**WHAT YOU SHOULD DO**
Nothing but the pictures should go missing; return all the entries below exactly.

**GIVEN ENTRIES**
-- Opening Marker --
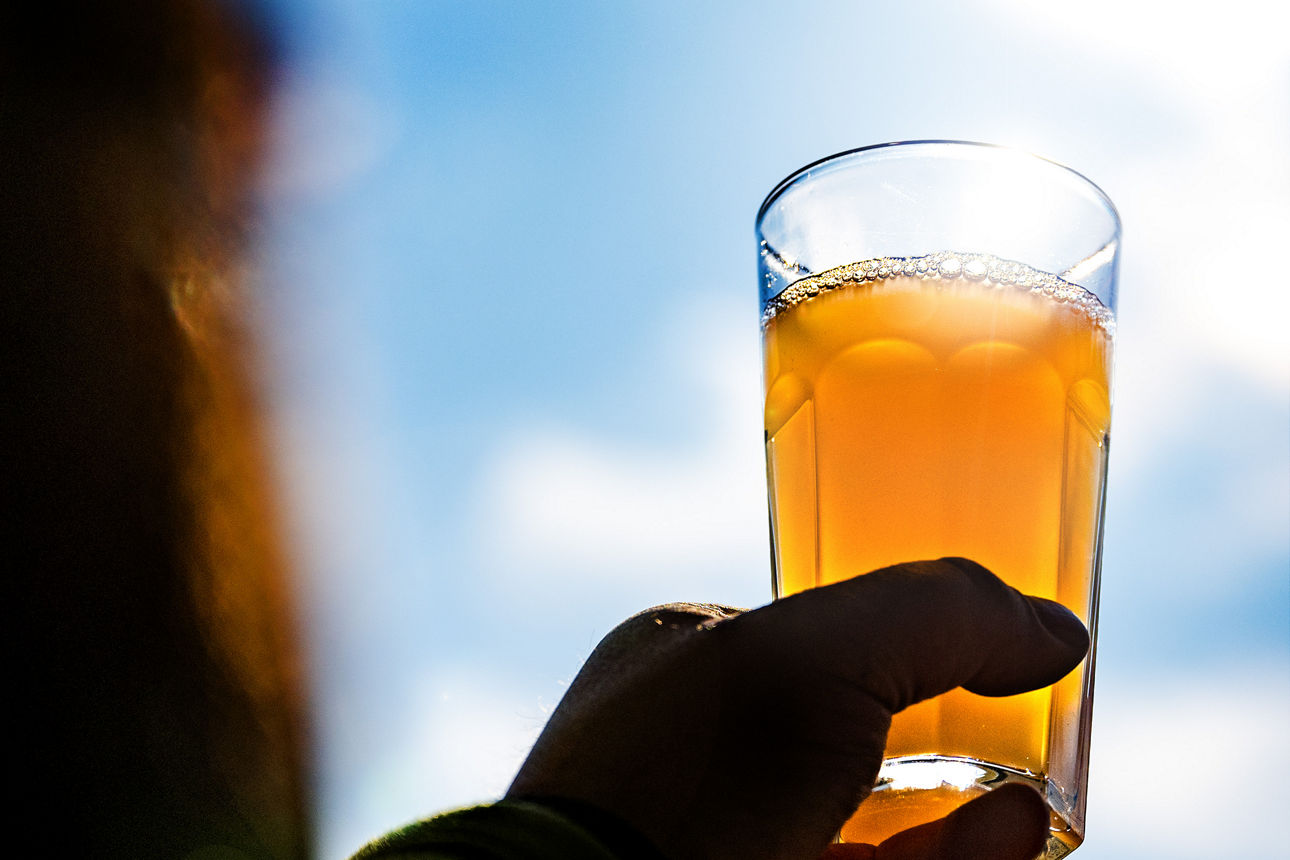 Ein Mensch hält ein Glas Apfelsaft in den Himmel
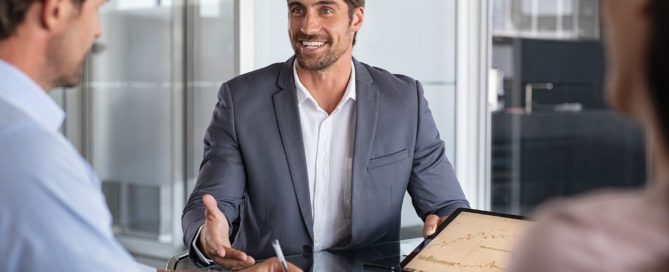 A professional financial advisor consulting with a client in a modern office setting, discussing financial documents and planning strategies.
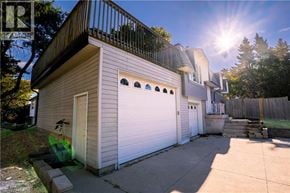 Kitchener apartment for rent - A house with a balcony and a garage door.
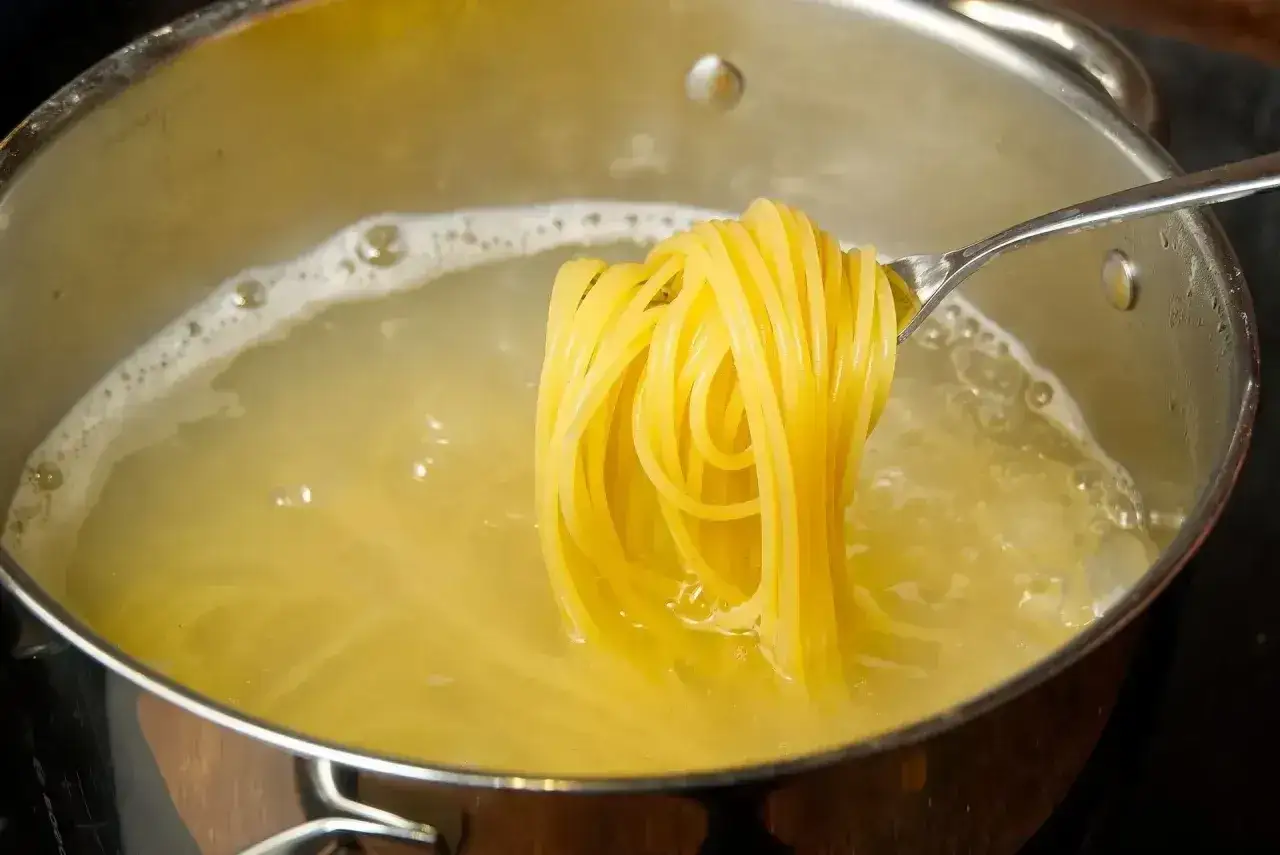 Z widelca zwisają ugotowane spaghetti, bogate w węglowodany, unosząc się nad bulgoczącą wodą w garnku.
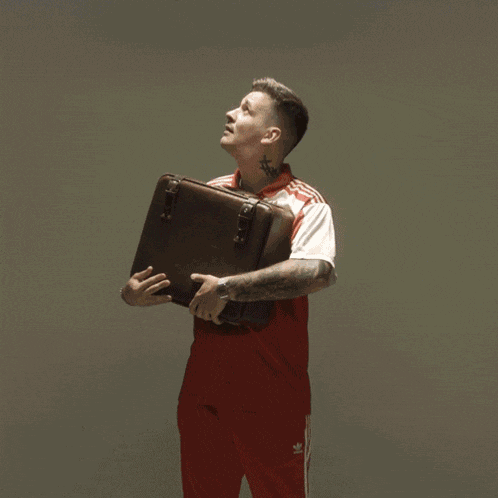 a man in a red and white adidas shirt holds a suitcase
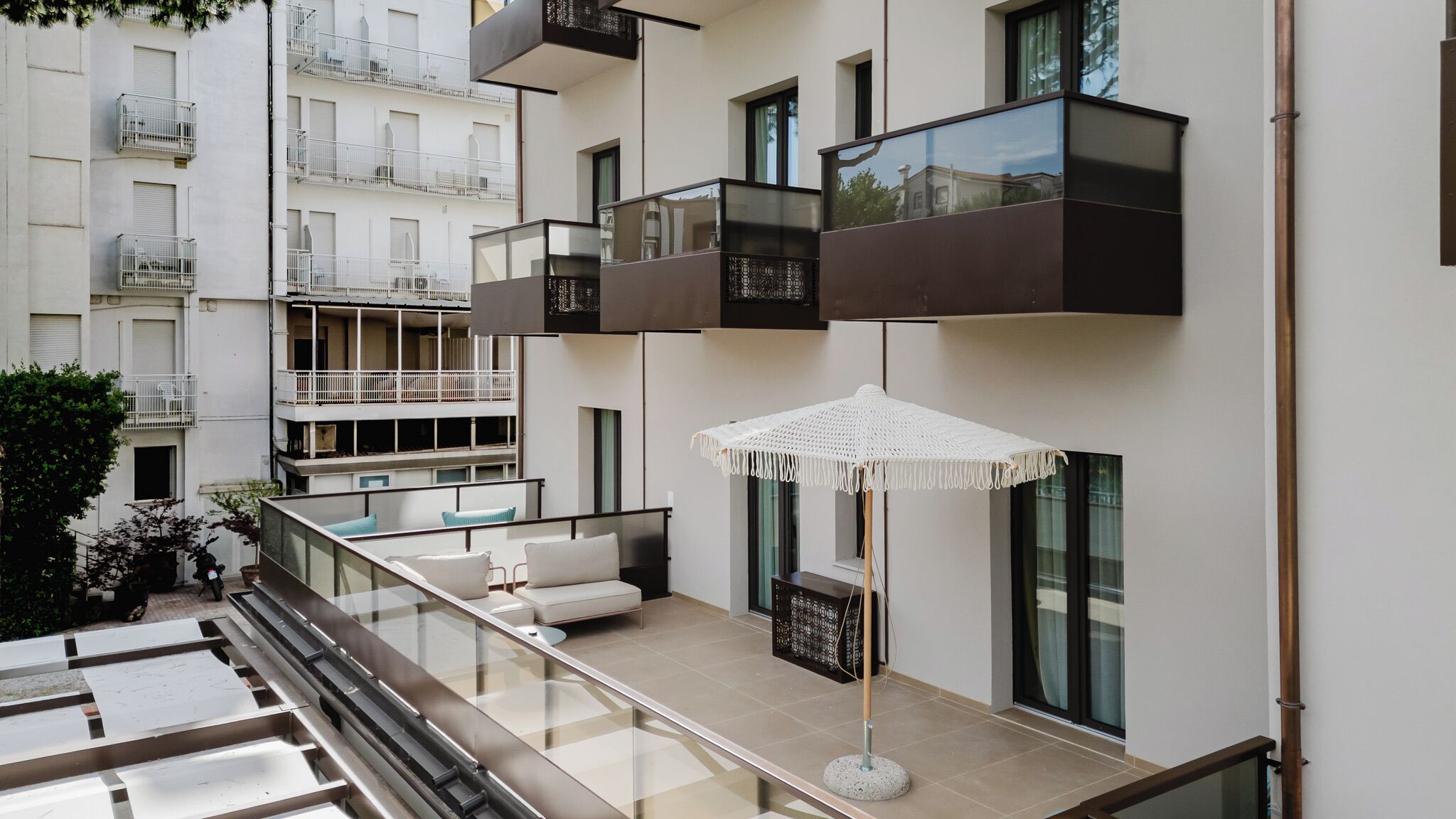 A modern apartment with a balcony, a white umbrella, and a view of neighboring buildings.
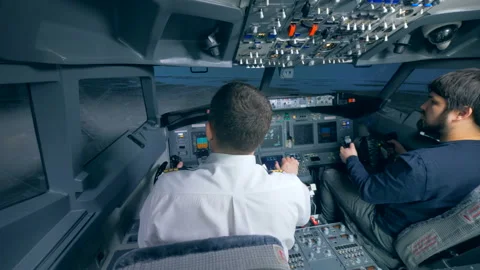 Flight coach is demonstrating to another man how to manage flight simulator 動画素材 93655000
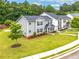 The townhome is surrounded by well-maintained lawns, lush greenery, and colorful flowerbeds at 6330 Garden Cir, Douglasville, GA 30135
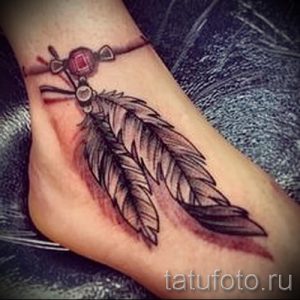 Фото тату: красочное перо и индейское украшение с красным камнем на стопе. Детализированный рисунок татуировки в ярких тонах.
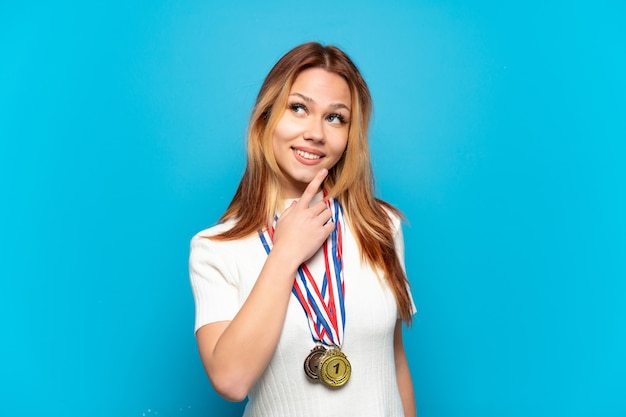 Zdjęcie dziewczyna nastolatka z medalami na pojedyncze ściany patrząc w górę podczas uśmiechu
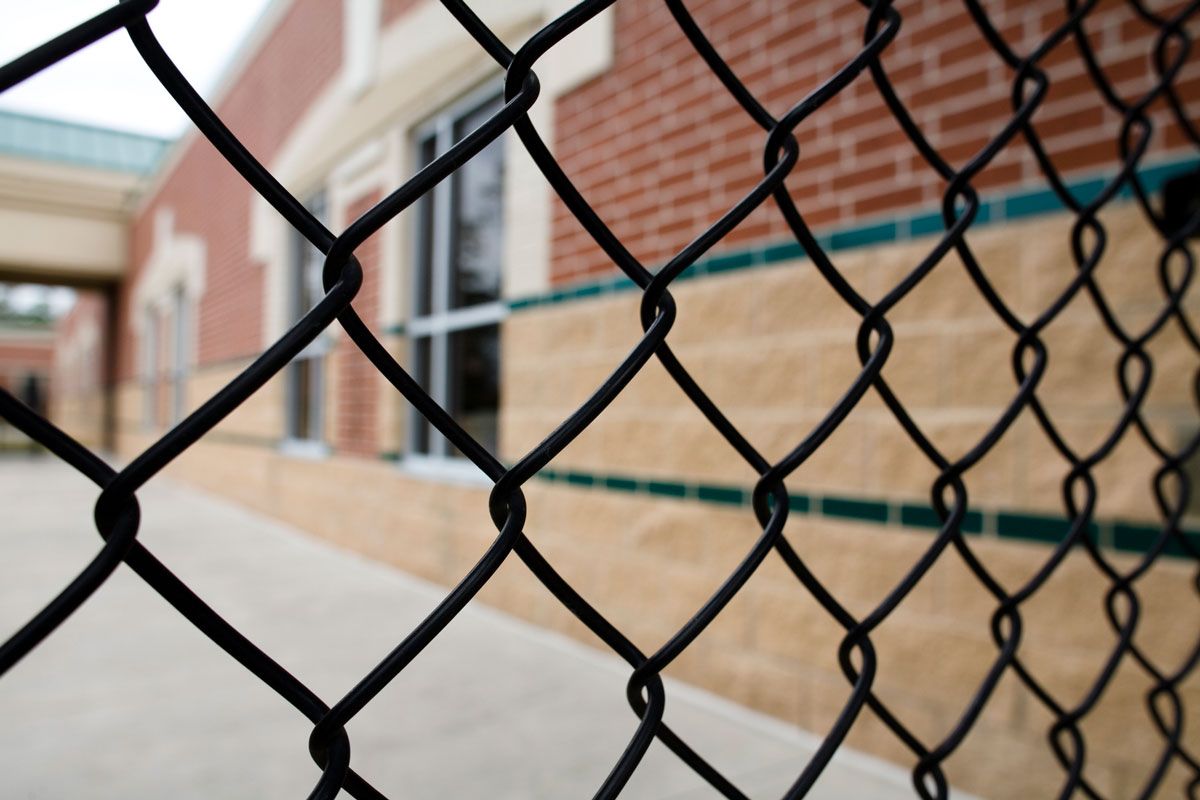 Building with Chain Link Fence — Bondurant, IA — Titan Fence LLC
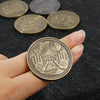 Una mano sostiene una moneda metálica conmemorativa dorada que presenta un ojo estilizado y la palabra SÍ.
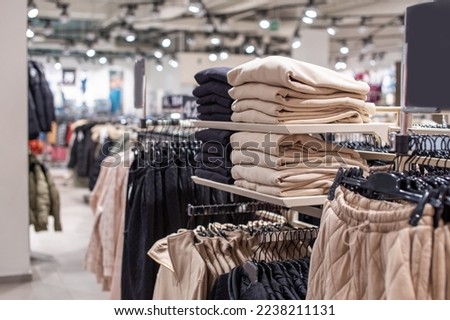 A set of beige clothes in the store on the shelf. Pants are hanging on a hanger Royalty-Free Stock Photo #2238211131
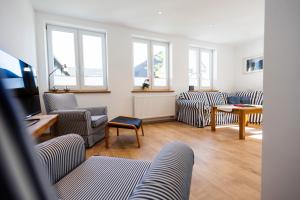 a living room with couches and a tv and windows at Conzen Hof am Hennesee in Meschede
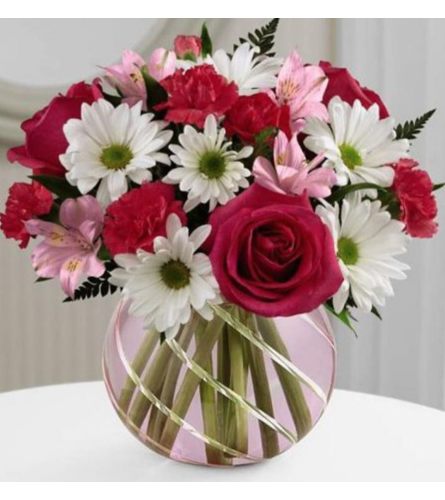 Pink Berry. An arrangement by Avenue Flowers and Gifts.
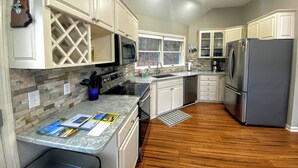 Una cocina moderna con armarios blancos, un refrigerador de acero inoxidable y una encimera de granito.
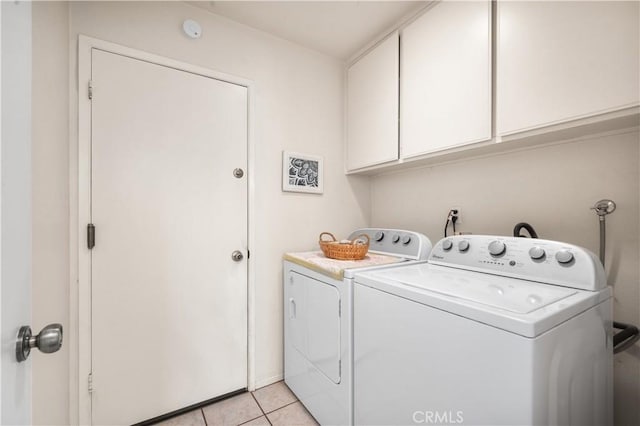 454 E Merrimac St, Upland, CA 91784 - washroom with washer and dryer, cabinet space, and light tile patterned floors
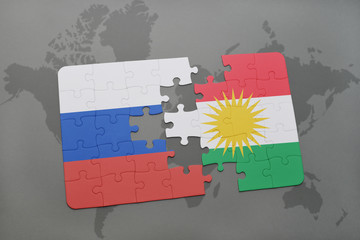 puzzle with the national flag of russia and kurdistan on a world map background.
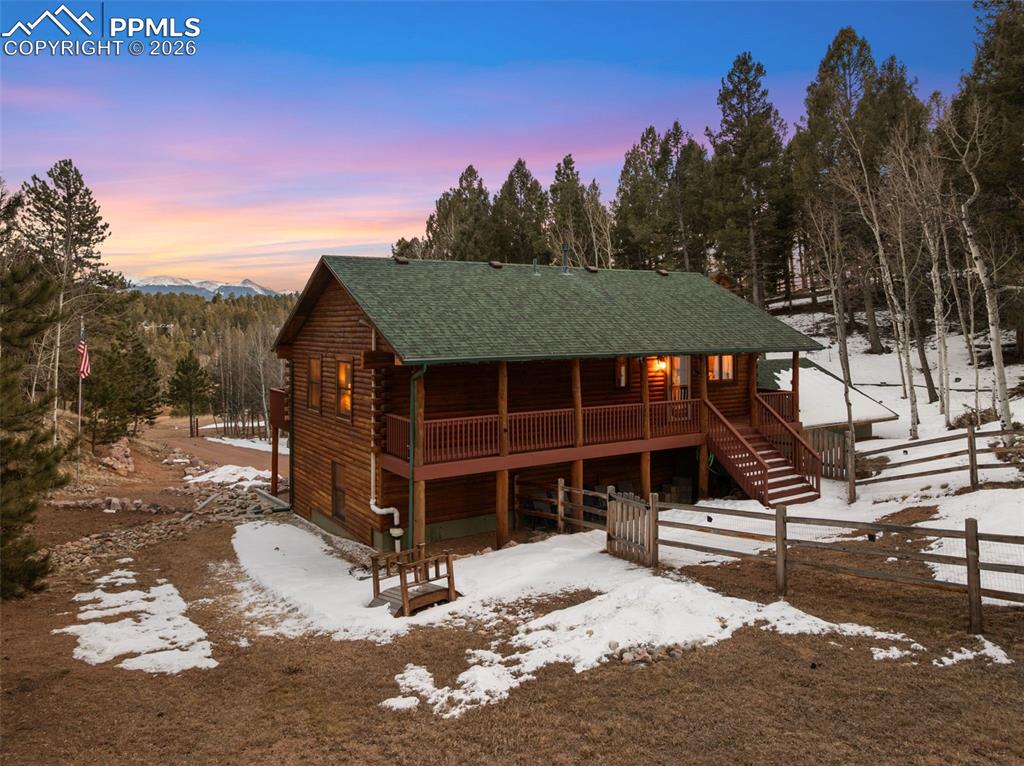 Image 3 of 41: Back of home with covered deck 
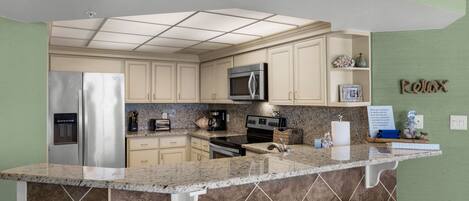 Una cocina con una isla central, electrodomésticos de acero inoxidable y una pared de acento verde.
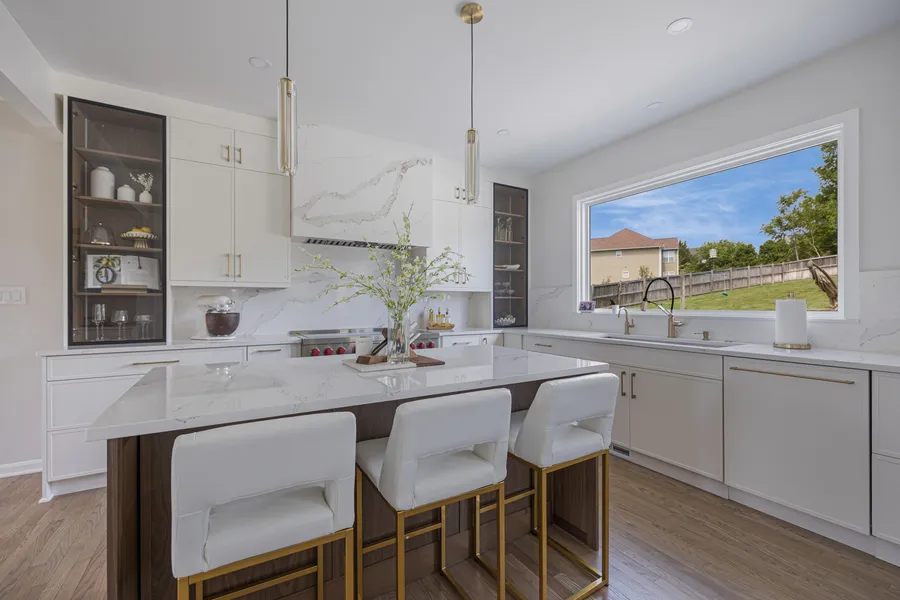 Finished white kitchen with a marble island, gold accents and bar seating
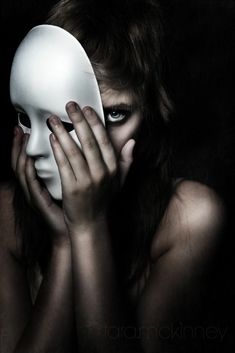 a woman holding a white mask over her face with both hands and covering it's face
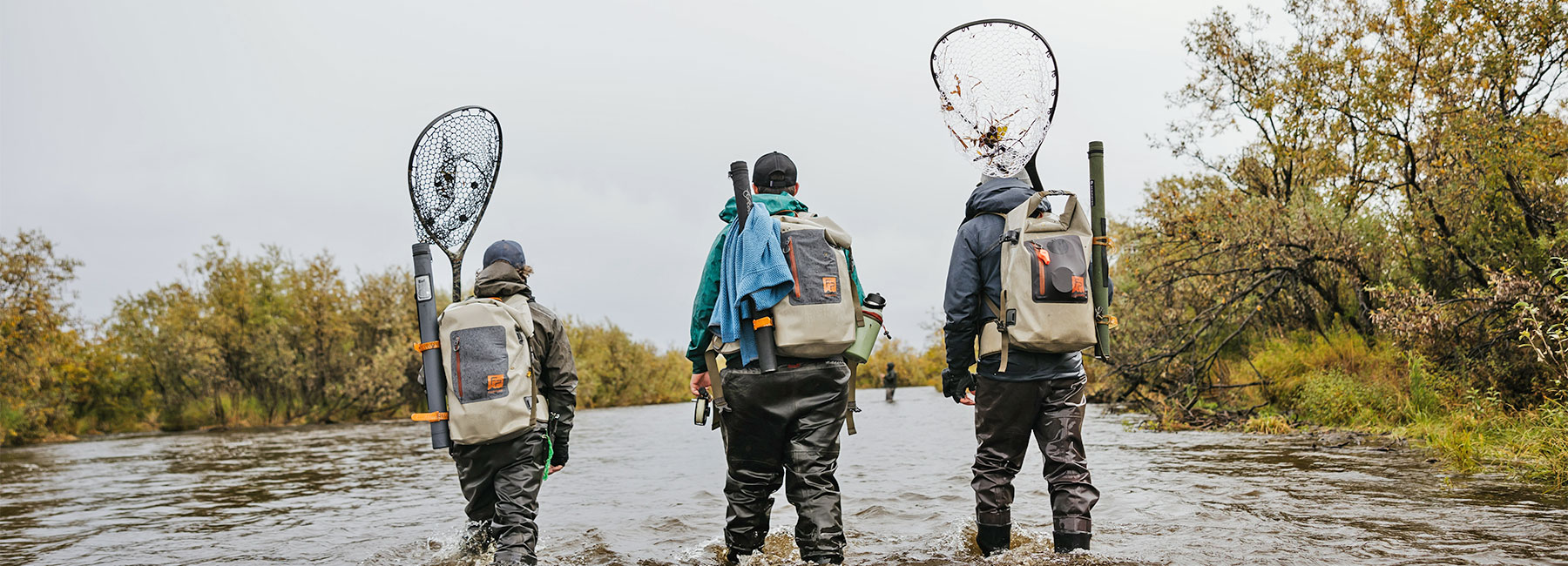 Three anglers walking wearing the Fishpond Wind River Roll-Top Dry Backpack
-- Closing Marker --
**ANSWER SPACE**
 Ein Mensch hält ein Glas Apfelsaft in den Himmel
 A professional financial advisor consulting with a client in a modern office setting, discussing financial documents and planning strategies.
 Kitchener apartment for rent - A house with a balcony and a garage door.
 Z widelca zwisają ugotowane spaghetti, bogate w węglowodany, unosząc się nad bulgoczącą wodą w garnku.
 a man in a red and white adidas shirt holds a suitcase
 A modern apartment with a balcony, a white umbrella, and a view of neighboring buildings.
 Flight coach is demonstrating to another man how to manage flight simulator 動画素材 93655000
 The townhome is surrounded by well-maintained lawns, lush greenery, and colorful flowerbeds at 6330 Garden Cir, Douglasville, GA 30135
 Фото тату: красочное перо и индейское украшение с красным камнем на стопе. Детализированный рисунок татуировки в ярких тонах.
 Zdjęcie dziewczyna nastolatka z medalami na pojedyncze ściany patrząc w górę podczas uśmiechu
 Building with Chain Link Fence — Bondurant, IA — Titan Fence LLC
 Una mano sostiene una moneda metálica conmemorativa dorada que presenta un ojo estilizado y la palabra SÍ.
 A set of beige clothes in the store on the shelf. Pants are hanging on a hanger Royalty-Free Stock Photo #2238211131
 a living room with couches and a tv and windows at Conzen Hof am Hennesee in Meschede
 Pink Berry. An arrangement by Avenue Flowers and Gifts.
 Una cocina moderna con armarios blancos, un refrigerador de acero inoxidable y una encimera de granito.
 454 E Merrimac St, Upland, CA 91784 - washroom with washer and dryer, cabinet space, and light tile patterned floors
 puzzle with the national flag of russia and kurdistan on a world map background.
 Image 3 of 41: Back of home with covered deck 
 Una cocina con una isla central, electrodomésticos de acero inoxidable y una pared de acento verde.
 Finished white kitchen with a marble island, gold accents and bar seating
 a woman holding a white mask over her face with both hands and covering it's face
 Three anglers walking wearing the Fishpond Wind River Roll-Top Dry Backpack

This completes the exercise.